Lena Smith-Tutin and her older sister Vivian Smith don’t like to dwell on the time they spent in residential schools.
Instead, the two women, members of the Champagne and Aishihik First Nations in the Yukon, found a way to reclaim their identity and culture by creating a dictionary of Southern Tutchone — the language they were forced to give up as children.
“After we finished the book and it came out, I felt really…like something lifted,” Smith-Tutin said. “Lighter. So…I’m good.”
Dákwänjè dictionary is a 77-page pocket-size booklet that was published in November. It contains hundreds of words translated from English to Dän k’è (Southern Tutchone).
The sisters said they started to work on the booklet back in 2015. At the time, both were language teachers for the Champagne and Aishihik First Nations, about 155 kilometres away from Whitehorse, in Haines Junction, Yukon.
About 250 copies were put together after seven years of work, with the help of their First Nation, to be handed out for free.
“You can’t sell your language,” Smith-Tutin said.
It’s a language, both sisters explained, they had to re-learn as teenagers.

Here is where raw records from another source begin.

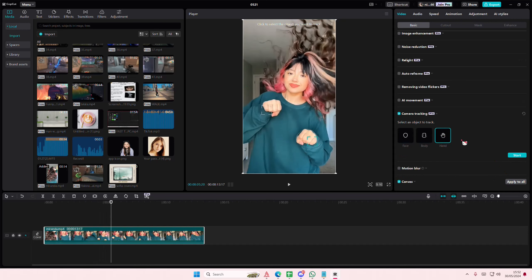I don't really like how that looks. Let me try tracking the hand, because it does crop out a lot.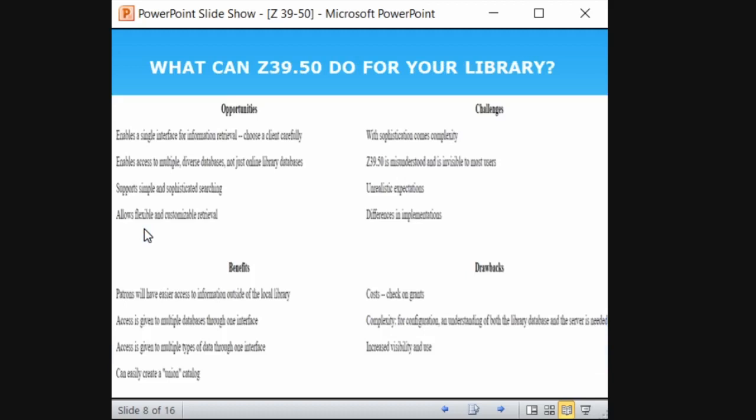How can Z39.50 be helpful for your library? If you want to search books from various libraries, you can search from a single platform. This protocol enables a single interface for information retrieval.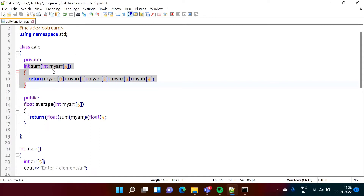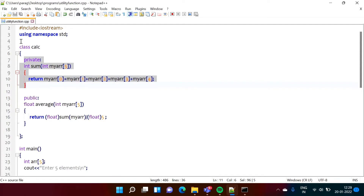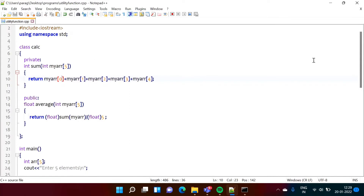We cannot access the sum function outside this class, but we can use it inside this class. Private member functions are not accessible outside the class, but we can use them within the class. Such functions are called utility functions.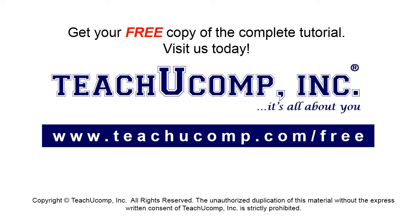Get your free copy of the complete tutorial at www.teachucomp.com/free.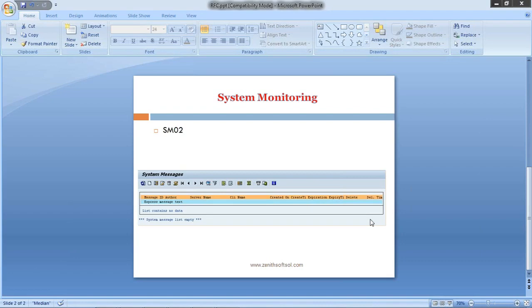Hello everybody. Now we will see the transaction code SM02, which is used for system message. This transaction code SM02 is a very useful transaction for communicating system changes or alerts to the entire community of SAP users.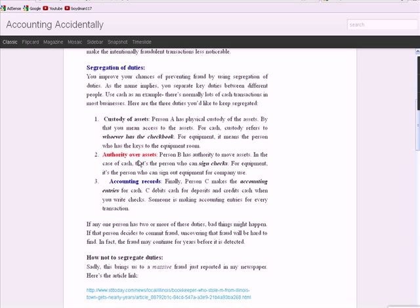Number two, authority over assets. Who has the authority to move the asset, to move it out and use it for example? From a cash perspective that's the person who can sign the check for equipment. Who can sign out the equipment?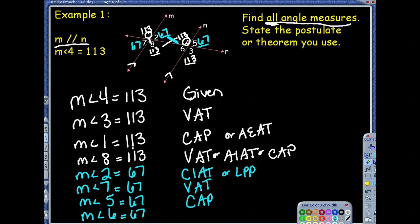Angle 6 is also 67 degrees, using the vertical angle theorem again. Notice that once we had really one angle, as long as we know we have parallel lines cut by a transversal, when we have one angle we really have all of those angle measures, because of all the different theorems involving parallel lines, vertical angles, and linear pairs.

“Our oldest sister Margaret … she’s the one that re-taught us. We used to go to her classes in Whitehorse, for five days a week, and she would teach us,” Smith said.
Language and family
The family’s oldest sister, Margaret Workman, is known across the Yukon as one of the pioneers of the Yukon Native Language Centre. Workman has repeatedly been honoured for her contributions to literacy, including with a Council of the Federation Literacy Award in 2015.
“I used to come in a room and say, ‘Hi!’ And she would respond … ‘you have to answer me in Dän k’è,'” Smith recalled. “She taught us how to write it, the sounds, just like learning your ABC all over again.”

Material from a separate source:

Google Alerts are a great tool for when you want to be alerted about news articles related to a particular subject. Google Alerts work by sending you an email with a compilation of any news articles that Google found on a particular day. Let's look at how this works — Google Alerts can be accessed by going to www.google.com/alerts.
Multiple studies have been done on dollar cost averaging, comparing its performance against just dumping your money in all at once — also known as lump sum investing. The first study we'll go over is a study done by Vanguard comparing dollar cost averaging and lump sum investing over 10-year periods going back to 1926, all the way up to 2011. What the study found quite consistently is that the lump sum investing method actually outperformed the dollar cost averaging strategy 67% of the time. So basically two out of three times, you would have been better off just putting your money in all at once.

When asked about the inspiration behind the dictionary, both sisters promptly credited Workman.
“She used to always say, ‘go learn your language,'” Smith-Tutin said with a laugh.
Of Yukon’s fourteen First Nations, the Champagne and Aishihik First Nations is one of the largest, with a membership of about 1,200 people. Only 25, however, consider Southern Tutchone as their mother tongue, according to 2021 data from Statistics Canada.
Not a single individual, according to the collected data, responded that Southern Tutchone is the language spoken most often at home.
“Elders always used to say the language is dying,” Smith-Tutin said.
“So Vivian and I wanted to created something small enough that people could carry it around. Pack the words around. If they want to learn the language, they got it right there, in their pockets.”
Copies of the booklet can now be found at the Da Kų Culture Centre, in Haines Junction.